The Wikipedia page on $\log 2$ mentions a trick to compute $\log 2$ based on the identity
$$2 = \left(\frac{16}{15}\right)^7\left(\frac{81}{80}\right)^3\left(\frac{25}{24}\right)^5$$
It's not too hard to come up with similar-looking formula, for instance:
$$2 = \left(\frac{9}{8}\right)\left(\frac{8}{7}\right)^2\left(\frac{7}{6}\right)^2$$
Consider a formula to have the form
$$2 = \prod_{i=1}^m \left(1+\frac{1}{n_i}\right)^{k_i}$$ where $n_i$ are positive integers and $k_i$ are (possibly negative) integers.
For a given $m$, the best formula maximizes the smallest $n_i$. How would one go about finding such formulas? Is there a trick besides brute force?

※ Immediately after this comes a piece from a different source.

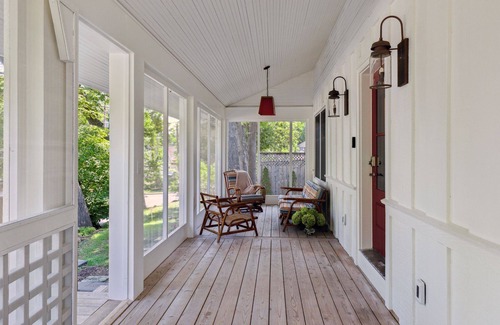 Wayzata Casa | Cozy two-bedroom cottage - five minutes walk to Wayzata and Lake Minnetonka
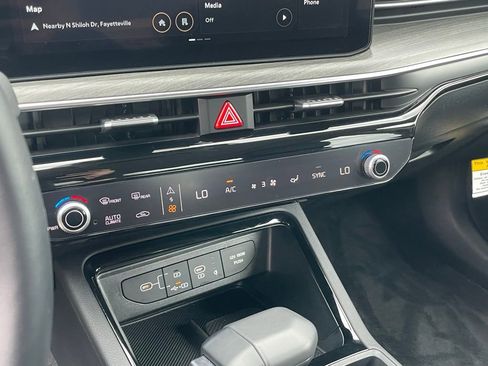 New 2025 Kia K5 EX FWD image 18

Edit: neat, finding consecutive pairs of p-smooth numbers and solving a lattice problem gives us things like
$$2 = \left(\frac{126}{125}\right)^{72}\left(\frac{225}{224}\right)^{27}\left(\frac{2401}{2400}\right)^{-19}\left(\frac{4375}{4374}\right)^{31}$$
and
$$\frac{144}{251} \sum_{k=0}^{\infty} \frac{1}{(2k+1)63001^k} + \frac{54}{449}\sum_{k=0}^{\infty} \frac{1}{(2k+1)201601^k}-\frac{38}{4801}\sum_{k=0}^{\infty} \frac{1}{(2k+1)23049601^k}+\frac{62}{8749}\sum_{k=0}^{\infty} \frac{1}{(2k+1)76545001^k} = \log 2$$
I think I figured it out, thanks to the comment. The key is to pay attention to the prime decomposition of the $n_i$'s and $n_i+1$'s. Let $p$ be the largest prime factor of any integer in $\{n_i\}_i \cup \{n_i+1\}_i$, so that for all i, $n_i$ and $n_{i+1}$ are p-smooth.
Commenter Gerry Myerson usefully points to Stormer's problem and the theorem that, for all $p$ there is a finite set of consecutive integers which are both $p$-smooth.

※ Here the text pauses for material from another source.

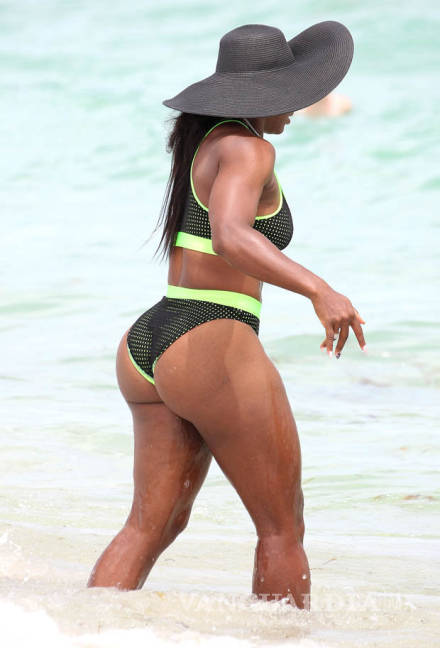 $!Serena Williams deslumbra a sus fans con una foto en bikini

This yields the following algorithm: fix the value of $p$, find the $p$-smooth pairs of consecutive integers, pick a subset (typically one might need \Pi(p) pairs) and solve the linear system for the values of $k_i$.
This yield the identity mentioned in the edited question.